Back in 2015 I tried to mod the XBox 360 I had at the time. Long story short, I failed to remove the "x-clamp" (which holds the heat sink down to the APU) and damaged the logic board in the process. (I still have all those parts, maybe I should try some trace repair again.) More recently I accepted an XBox (OG) and XBox 360 that was being given away. Then even more recently I heard about the "RGH3" mod. The 360 has pretty good protection built in. For a long time, besides some simple piracy-only based modifications "RGH" (reset glitch hack) was the only way to mod a 360 for full control. The idea is based around sending a very brief reset signal to the CPU at just the right time, so that as it is performing verification checks very early in the booting process, the check (and only the check) can be corrupted. Then the console otherwise boots as normal, but has not verified its firmware. This used to take a special extra "mod chip" and quite a bit of very careful wiring. The third version, RGH3, amazingly uses the console itself to send this reset glitch signal. That makes it a comparatively very simple modification: just two wires. (Two permanently, a few more temporarily.)

The SMC end of the two RGH3 wires.

Last month, I opened up the 360. I confirmed that it's a newish (relatively speaking) "Corona" variant. Because it's new, it's designed to prevent RGH style attacks. Because the modding community(/related business(es)) is clever (and a bit lucky) there is a "POST fix adapter" to restore access to the otherwise removed signal trace. It just so happens that this is one of the outermost "pins" of the APU, so a carefully positioned piece of wire can touch it. And the adapter is designed to hold a little pin in just the right spot. That's one end of one of the two wires needed. The picture above is the other end of the two wires. With POST dealt with, these are the two "easy" remaining connections. They're tiny, but they're exposed and directly available. (It's not unusual for all sorts of important signal traces to have test points in commercial products, intended for use during design and manufacture.) I'd estimate that the white circles drawn around these two points, where my added blue wires terminate, to be about one millimeter across. Possibly one and a half. Those blue wires are 30 gauge "wire wrapping" wires. The wire itself is 0.255 millimeter in diameter. The higher of those two solder points I did rather well on. The lower/rightmost one isn't as great. The exposed wire is too long and the solder has barely attached it. But attached it is! I got away with it.

The third, and most difficult, RGH3 solder point.

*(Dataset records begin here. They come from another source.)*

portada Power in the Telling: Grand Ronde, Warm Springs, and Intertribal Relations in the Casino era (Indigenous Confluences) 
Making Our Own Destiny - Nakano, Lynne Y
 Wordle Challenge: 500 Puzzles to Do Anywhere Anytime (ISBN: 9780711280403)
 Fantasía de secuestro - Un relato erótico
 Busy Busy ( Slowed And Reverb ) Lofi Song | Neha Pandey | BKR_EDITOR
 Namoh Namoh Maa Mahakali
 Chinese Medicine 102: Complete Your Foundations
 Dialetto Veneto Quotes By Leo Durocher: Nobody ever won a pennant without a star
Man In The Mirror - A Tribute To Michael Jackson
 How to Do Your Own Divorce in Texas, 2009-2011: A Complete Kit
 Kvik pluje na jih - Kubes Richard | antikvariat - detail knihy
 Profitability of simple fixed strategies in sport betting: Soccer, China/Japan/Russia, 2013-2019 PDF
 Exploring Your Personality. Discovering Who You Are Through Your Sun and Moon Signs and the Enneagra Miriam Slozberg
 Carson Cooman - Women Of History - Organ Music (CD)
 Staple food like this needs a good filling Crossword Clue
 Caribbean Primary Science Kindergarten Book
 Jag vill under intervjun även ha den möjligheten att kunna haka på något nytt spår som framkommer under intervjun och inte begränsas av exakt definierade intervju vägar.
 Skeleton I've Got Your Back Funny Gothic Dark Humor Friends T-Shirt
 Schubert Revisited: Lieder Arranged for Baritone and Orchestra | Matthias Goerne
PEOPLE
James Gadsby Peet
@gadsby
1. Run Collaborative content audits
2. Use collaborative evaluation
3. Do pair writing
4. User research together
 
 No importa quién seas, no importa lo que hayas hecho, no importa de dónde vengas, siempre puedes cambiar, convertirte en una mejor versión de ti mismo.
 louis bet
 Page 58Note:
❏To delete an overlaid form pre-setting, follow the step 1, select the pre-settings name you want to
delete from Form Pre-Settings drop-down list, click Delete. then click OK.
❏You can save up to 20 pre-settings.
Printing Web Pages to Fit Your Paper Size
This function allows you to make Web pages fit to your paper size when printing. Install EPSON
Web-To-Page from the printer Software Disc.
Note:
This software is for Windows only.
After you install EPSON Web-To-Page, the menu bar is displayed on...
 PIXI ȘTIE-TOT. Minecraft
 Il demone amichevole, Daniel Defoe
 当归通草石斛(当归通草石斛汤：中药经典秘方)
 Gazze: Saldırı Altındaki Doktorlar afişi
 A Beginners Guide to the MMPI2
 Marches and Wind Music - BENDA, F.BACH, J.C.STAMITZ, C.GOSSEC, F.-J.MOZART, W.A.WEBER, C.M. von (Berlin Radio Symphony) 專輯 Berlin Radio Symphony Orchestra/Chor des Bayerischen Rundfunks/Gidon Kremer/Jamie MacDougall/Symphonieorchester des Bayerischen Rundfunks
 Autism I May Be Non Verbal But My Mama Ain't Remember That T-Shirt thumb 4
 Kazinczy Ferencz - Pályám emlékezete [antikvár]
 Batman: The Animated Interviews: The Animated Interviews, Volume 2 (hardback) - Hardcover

Here's the remaining wire end. It's attached to a via, which starts off covered in solder mask. The point of this mask is to prevent solder from going here. This must be scraped off, without damaging the tiny and fragile exposed copper part of the via. I did so with a fiberglass "scratch pen". I slightly exposed an adjacent via and track, so those were covered with some polyimide tape before proceeding. For this one, the via-as-solder-point is hardly wider than that quarter-millimeter wire. This one took a few tries, and I ended up leaving a little extra solder on the capacitor. Once this tiny joint was complete however, I didn't want to mess with it.

I added some tiny dabs of hot glue to keep the wires in place, to avoid breaking these fragile joints through mechanical fatigue. I also added an in-line resistor on one of the lines as suggested by the guide I was following. The following steps were mostly software based. When first flashing Xell (xenon linux loader — xenon is the code name for the first XBox 360 variant) the first time it didn't take. I turned the 360 on and Xell should have launched, but the standard retail dashboard did, instead. After sleeping on it I wrote Xell a second time and somehow this time it worked. This is just the first step however, unlocking the next step: the XeBuild which actually modifies the console's behavior. (It requires knowing the per-device encryption key, which Xell somehow is able to read.) This also did not boot after flashing it, this time Xell remained. I tried writing a second time, and this did not work. But Xell also supports writing this sort of update, so I tried a third time using it (instead of the PicoFlasher I used to get this far) and it worked. From there I just had to install some custom software and I was in full control, huzzah!